This was first published in the JTA.
On Monday, the 25th anniversary of the Martin Luther King, Jr. holiday, 35 volunteers and 15 Teach For America teachers joined our team in Washington, D.C., to honor the life and legacy of Dr. King through a day of service. Together, they created thousands of study materials for hundreds of students in struggling schools across D.C.
The volunteers came together as a diverse group, from big cities and small towns, a range of professions and varying degrees of Jewish connection. But for those five hours, they were a community united in answering Dr. King’s call to greatness. In fitting testament, each wore a shirt proclaiming:
Everybody can be GREAT because everybody can SERVE.

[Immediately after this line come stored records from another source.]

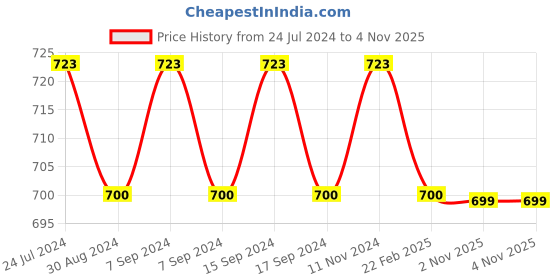 myntra.com XYXX Pack Of 2 Checked Trunks XYTRNK2PCKN707 xyxx Price History Graph from 24 Jul 2024 to 4 Nov 2025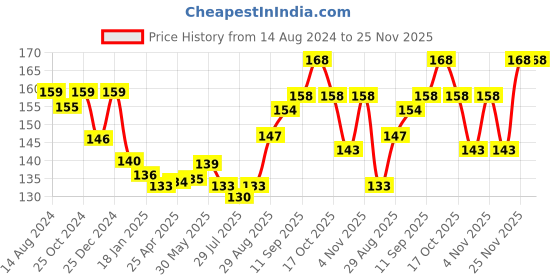 firstcry.com Zero Interlock Knit Half Sleeves Night Suit Little Star Print -Light Blue zero Price History Graph from 14 Aug 2024 to 24 Nov 2025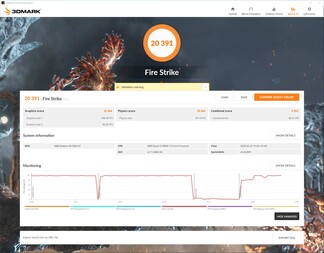 3DMark Fire Strike (GPU + 70 МГц, VRAM + 110 МГц)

These plain-spoken words, delivered by the inimitable Dr. King in Atlanta in 1968, remind us that we do not have to be wealthy or powerful, intelligent or well-read, popular or good looking to serve. We just have to have the desire in our heart to meet the need in our world.
Indeed, in the aftermath of yet another human tragedy—the Jan. 8 shooting in Arizona—at a time of divisiveness and partisanship, we are reminded of the urgency of Dr. King’s call to greatness through service, an act upon which we can begin to build mutual understanding and to see that what unites us in our humanity is far greater than what divides us.